§ Exercise goal:
Return the listing below unchanged, minus its pictures.

§ Dataset content:
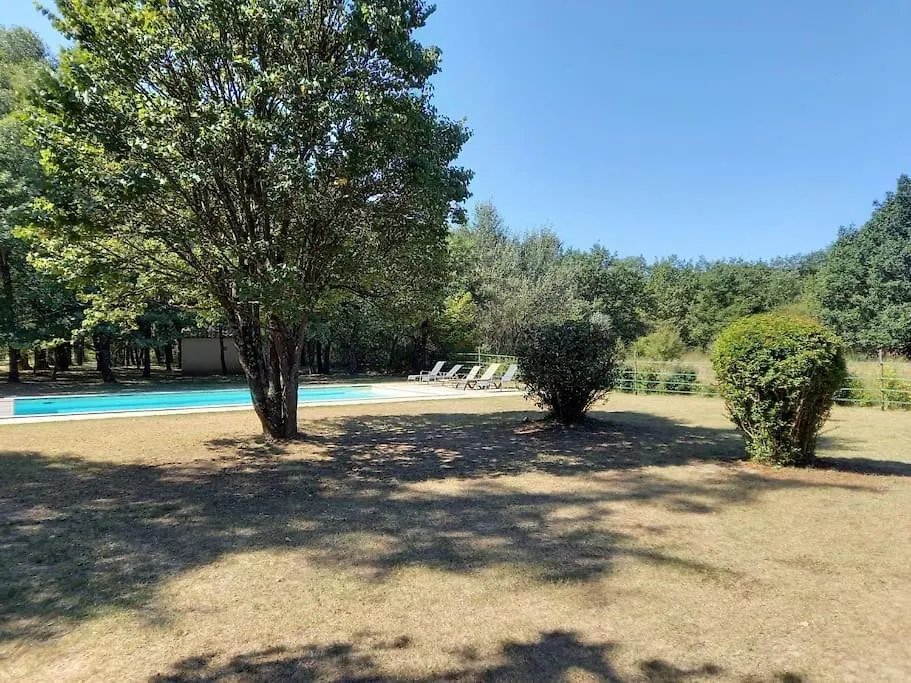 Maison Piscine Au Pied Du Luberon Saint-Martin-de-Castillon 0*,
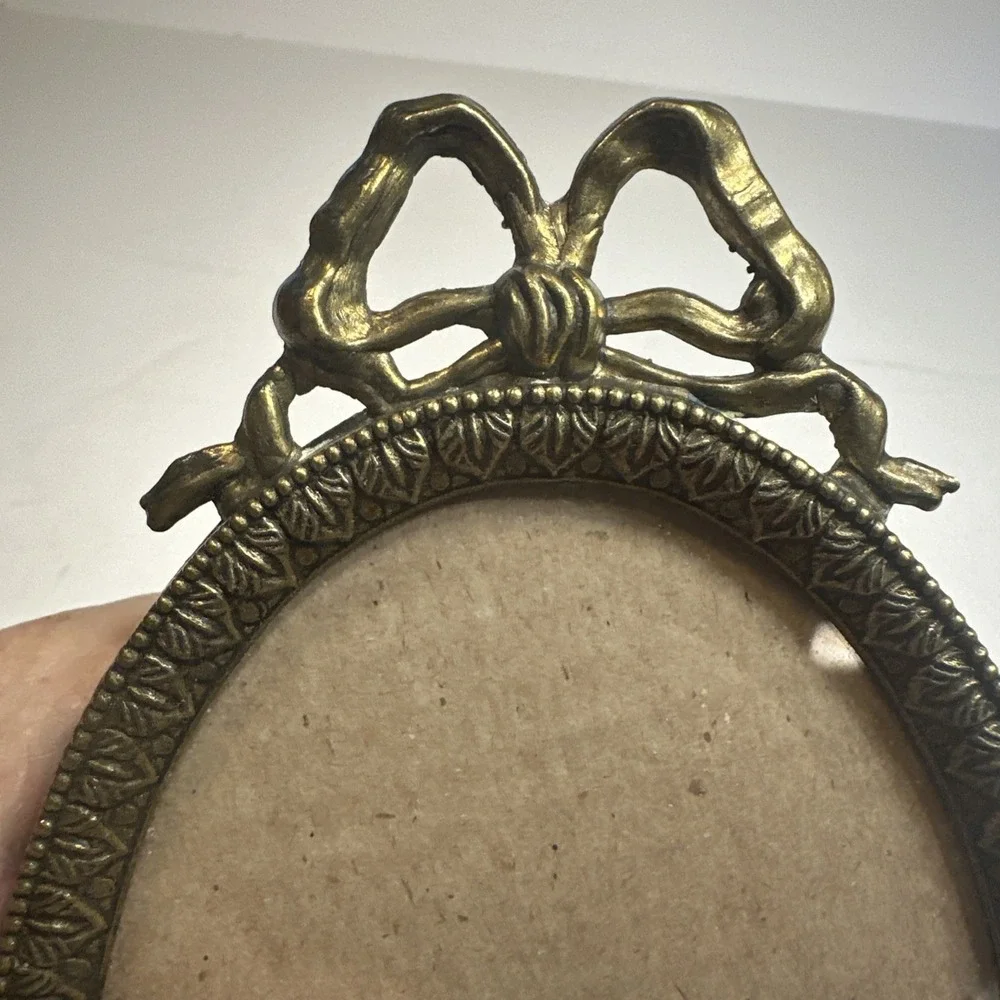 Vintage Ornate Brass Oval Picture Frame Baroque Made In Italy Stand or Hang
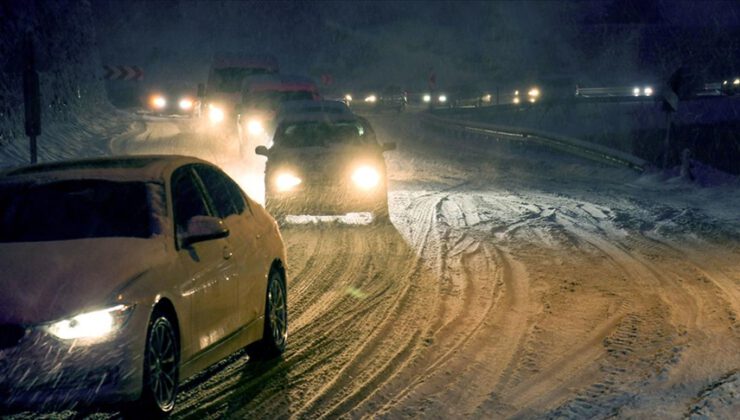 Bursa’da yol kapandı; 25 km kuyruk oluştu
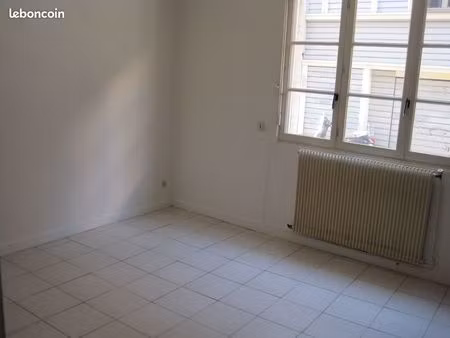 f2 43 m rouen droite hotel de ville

§ Exercise response:
 Maison Piscine Au Pied Du Luberon Saint-Martin-de-Castillon 0*,
 Vintage Ornate Brass Oval Picture Frame Baroque Made In Italy Stand or Hang
 Bursa’da yol kapandı; 25 km kuyruk oluştu
 f2 43 m rouen droite hotel de ville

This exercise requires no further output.